BNP draws up post-poll movement strategy
After having failed to force the government to postpone the January 5 election in the face of a massive crackdown, the main Opposition BNP is redrawing its strategy to launch a fresh movement. It will include hartal and countrywide organisational tour by BNP chairperson Khaleda Zia to drum up support for a fresh election. According to sources, Khaleda will soon start her tour to encourage her supporters and garner public support against the ruling Awami League to challenge the government’s constitutional legality. As part of the campaign, hartal, agitation, rallies and public meetings will be announced to compel the government to call a fresh election under a non-party caretaker government (CG), the sources said.
BNP standing committee member Mahbubur Rahman told The Independent that hartal will be announced, along with countrywide indefinite blockade, to realise the demand for a fresh election. Khaleda will soon start her countrywide organisational tour to unite BNP supporters and to make public the Awami League’s evil efforts to hang on to power through the farcical election, he added.

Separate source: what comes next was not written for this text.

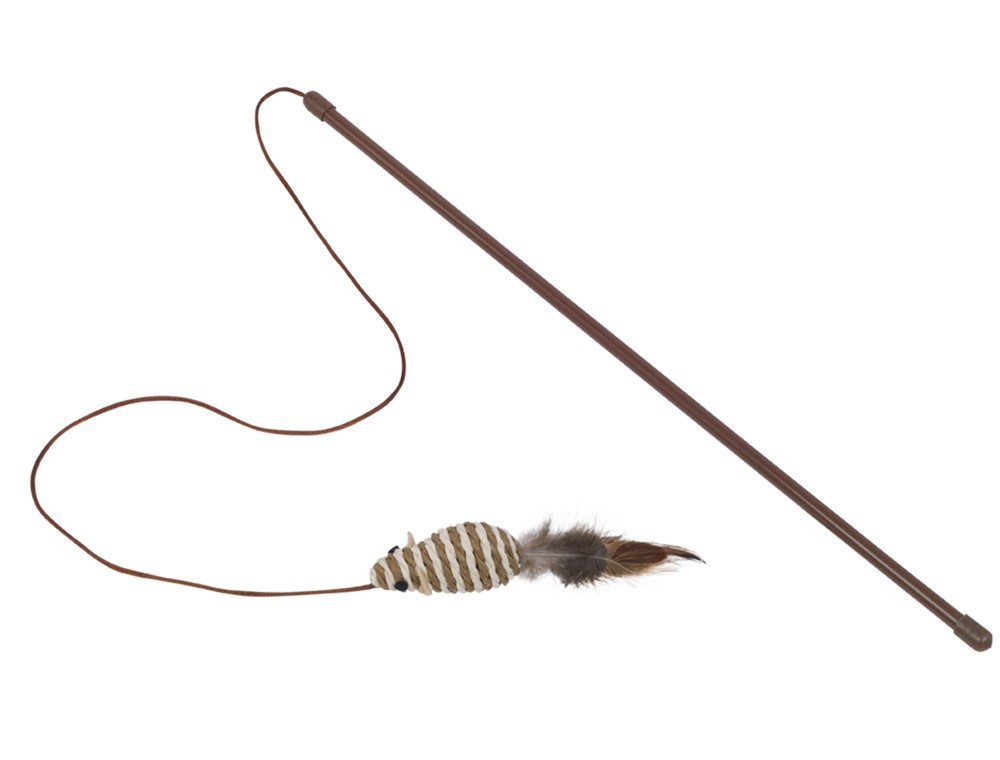 Băț cu șoarece zornăitor cu pene, băț 45 cm; șoarece 7 cm pentru pisici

Rahman said though the government is claiming that the voter turnout in the 10th parliamentary election was 40 per cent, the actual figure was close to 10 per cent. The government has staged the farcical general election by keeping Khaleda in confinement, he alleged.
In a democracy, no political party is allowed to run a country on the mandate of so few voters, Rahman said, adding that the Awami League has no moral right to govern the nation.
The BNP is contemplating announcing a 72-hour countrywide hartal next week, so that the government is forced to announce a fresh election within January 24, which happens to be the last business day of the Ninth Parliament. Several leaders of the 18-Party Alliance said the political existence of the BNP and its alliance partners will be at stake if they step aside from the ongoing anti-government movement.
Sources said the BNP wants to adopt a go-slow policy, while its alliance partners want to pursue the course of a harsher anti-government campaign, so that the international community is forced to intervene to oust the government from power.
The party is also keeping close relations with diplomats of influential countries in the hope that they would not endorse the government elected through a non-participatory election. Some Opposition leaders, however, observed that the party had relied too much on foreign diplomats, instead of its grass-roots level leaders in pressing their demand, which ultimately resulted in the failure to gear up the anti-government movement.
When asked, Mahbubur Rahman, former Chief of the Army Staff, admitted
so much. He said they have not been able to force the government to postpone the 10th parliamentary election through their movement.
“We wanted to wage an intensive movement, but the government’s autocratic attitude foiled all our efforts. By violating all democratic norms, the government arrested almost all our senior leaders, shut down our party office and started a massive crackdown on our activists across the country. They also confined our party chief in her house by force,” he added.
According to party insiders, the Opposition would wait for the response of the international community to the government elected through the lopsided election and afterwards define their movement strategy. If the international community exerts pressure on the AL-led government to hold another parliamentary poll, the BNP will launch its movement to realise its demand for a fresh election under a non-party CG oversight, they noted.